En la zapatería había unos zapatos, verde y gris, rojo y gris, y negro y blanco, que eran de tiritas, con un tacón muy lindo, ancho, pero no tan ancho como fue en los años setenta. En Londres, en una exposición de la obra de Ferragamo, el zapatero, vi que estaban los mismos zapatos, exactamente los mismos. Yo tenía una fijación impresionante con esos zapatos. Además, había zapatos de glacé, muy suavecitos, abotinados, para las viejitas que venían, casi vestidas como monjas, a comprar zapatos. Yo iba con mi papá al barrio de Tepito a comprarlos, en una época en que Tepito era bravísimo. Acababan de matar a Trotsky y mi papá, pues, era un personaje muy notable, tenía una barba... y entonces la gente decía «Ahí va Trotsky, con su hija». Yo tenía terror. Nosotros vivíamos en Popotla, un barrio de Tacuba, al frente del Árbol de la Noche Triste, a donde llegó Cortés, o sea que yo salía de mi casa y veía el árbol. Una vez hicieron una serie de reformas en el parque, una especie de placita, con una protección de hierro alrededor del árbol, y encontraron muchos objetos prehispánicos y cráneos, y también objetos de los españoles, entonces mi papá, que había estudiado antropología y arqueología, los fue a recuperar y guardó unas calaveras y unos objetos en lo alto de la casa, y eso fue un terror para mí infinito, porque a mi padre le habían dicho que las calaveras eran de una joven de diecinueve años y de un guerrero de unos veinte, y que eran aztecas.

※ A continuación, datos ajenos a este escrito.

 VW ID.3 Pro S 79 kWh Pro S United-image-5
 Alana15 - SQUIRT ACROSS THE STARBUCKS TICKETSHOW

¿Cómo eran esas modas? ¿La ropa se compraba hecha, o se la hacía en la casa?

Éramos muy pobres. A los quince años yo ya estaba en el colegio israelita, y mis compañeras eran todas muy ricas, o de muy buen pasar, entonces para una fiesta de quince años mi mamá me mandó a hacer un vestido de fondo rojo con unas flores enormes, azules, amarillas, un estampado muy provocador, no sé si de seda o de rayón y para esa época estaba gordísima, pesaba unos 65 kilos. Me veía yo monstruosa. No bailé ni una sola pieza.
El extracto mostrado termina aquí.